IMG_3254.JPGPublico no meu Instagram a foto de um crepúsculo lisboeta e as reacções não se fazem esperar: “Estás cheio de saudades de viver aí”, “Se calhar chegou a hora de voltares” – coisas assim. Fez-me lembrar aquilo que sempre nos perguntavam, estudantes em Lisboa, da primeira vez que nos viam de regresso para férias: “Quando é que te vais embora?”

Mas é mais do que isso.

A tensão do ilhéu com o espaço onde vive é o mais importante traço da sua identidade. Não sei se existirá também na restante província, mas talvez ninguém o pudesse explicar tão bem como António Variações. O ilhéu passa o ano a arfar pela partida. Ausenta-se três dias e já não se aguenta com saudades de casa. Volta à terra e lá fora é que era – um dia faz as malas de vez.

Os açorianos propriamente ditos dão a Lisboa o nome de Lá Fora. A escolha de palavras tem de ter um significado.
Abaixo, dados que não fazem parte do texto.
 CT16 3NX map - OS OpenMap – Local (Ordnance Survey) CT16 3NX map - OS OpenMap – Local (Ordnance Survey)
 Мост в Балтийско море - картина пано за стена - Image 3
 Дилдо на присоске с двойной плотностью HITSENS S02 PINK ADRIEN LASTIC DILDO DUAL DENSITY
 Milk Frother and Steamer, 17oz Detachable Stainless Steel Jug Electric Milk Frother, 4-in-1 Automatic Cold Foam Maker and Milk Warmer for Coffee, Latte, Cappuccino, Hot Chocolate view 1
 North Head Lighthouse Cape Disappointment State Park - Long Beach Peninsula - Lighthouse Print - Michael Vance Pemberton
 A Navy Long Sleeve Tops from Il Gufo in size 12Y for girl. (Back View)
Lembro-me de quando cheguei, no Verão de 2012, muito comovido. Creio que nem os amigos mais próximos compreenderam bem. Os restantes torceram o nariz. Eu estava doente. Tinha falido. Vinha fugido à polícia. Tinham-me prometido uma carreira política, um cargo numa empresa, um latifúndio cheio de subsídios. O meu casamento ruíra.

Para muitos ilhéus, só faz sentido viver numa ilha em duas circunstâncias: ou se é de lá, ou se vai para lá em fuga de alguma coisa. “Mas eu sou de cá”, ocorria-me protestar, quando ainda achava que era de um debate que se tratava. “Sim, mas já és mais de lá”, respondia alguém – e a mágoa que havia nessas palavras eram todos os anos em que não se fizera as malas.

No primeiro ano, gozei a festa. No segundo, aprendi a liberdade. No terceiro já não há regressos: há vida.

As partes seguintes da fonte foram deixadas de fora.